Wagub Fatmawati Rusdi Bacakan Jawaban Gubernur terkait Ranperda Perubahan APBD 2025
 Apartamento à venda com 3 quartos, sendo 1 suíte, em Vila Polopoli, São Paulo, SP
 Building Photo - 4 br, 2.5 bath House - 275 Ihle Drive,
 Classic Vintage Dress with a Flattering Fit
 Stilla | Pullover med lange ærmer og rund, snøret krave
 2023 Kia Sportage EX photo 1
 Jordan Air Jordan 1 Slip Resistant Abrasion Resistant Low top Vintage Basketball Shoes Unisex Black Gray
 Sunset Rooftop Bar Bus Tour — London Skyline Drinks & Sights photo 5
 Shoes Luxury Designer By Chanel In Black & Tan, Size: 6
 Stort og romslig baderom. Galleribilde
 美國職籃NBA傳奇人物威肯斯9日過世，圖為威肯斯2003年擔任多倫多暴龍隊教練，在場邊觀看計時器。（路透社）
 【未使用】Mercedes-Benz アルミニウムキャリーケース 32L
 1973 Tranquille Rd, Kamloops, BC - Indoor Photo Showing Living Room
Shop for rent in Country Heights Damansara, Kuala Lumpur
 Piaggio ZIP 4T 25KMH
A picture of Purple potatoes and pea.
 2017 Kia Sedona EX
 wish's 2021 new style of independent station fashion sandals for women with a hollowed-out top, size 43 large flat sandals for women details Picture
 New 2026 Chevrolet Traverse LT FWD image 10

==================================================

Write out every entry once more, precisely as it stands.

**Answer space**:
Wagub Fatmawati Rusdi Bacakan Jawaban Gubernur terkait Ranperda Perubahan APBD 2025
 Apartamento à venda com 3 quartos, sendo 1 suíte, em Vila Polopoli, São Paulo, SP
 Building Photo - 4 br, 2.5 bath House - 275 Ihle Drive,
 Classic Vintage Dress with a Flattering Fit
 Stilla | Pullover med lange ærmer og rund, snøret krave
 2023 Kia Sportage EX photo 1
 Jordan Air Jordan 1 Slip Resistant Abrasion Resistant Low top Vintage Basketball Shoes Unisex Black Gray
 Sunset Rooftop Bar Bus Tour — London Skyline Drinks & Sights photo 5
 Shoes Luxury Designer By Chanel In Black & Tan, Size: 6
 Stort og romslig baderom. Galleribilde
 美國職籃NBA傳奇人物威肯斯9日過世，圖為威肯斯2003年擔任多倫多暴龍隊教練，在場邊觀看計時器。（路透社）
 【未使用】Mercedes-Benz アルミニウムキャリーケース 32L
 1973 Tranquille Rd, Kamloops, BC - Indoor Photo Showing Living Room
Shop for rent in Country Heights Damansara, Kuala Lumpur
 Piaggio ZIP 4T 25KMH
A picture of Purple potatoes and pea.
 2017 Kia Sedona EX
 wish's 2021 new style of independent station fashion sandals for women with a hollowed-out top, size 43 large flat sandals for women details Picture
 New 2026 Chevrolet Traverse LT FWD image 10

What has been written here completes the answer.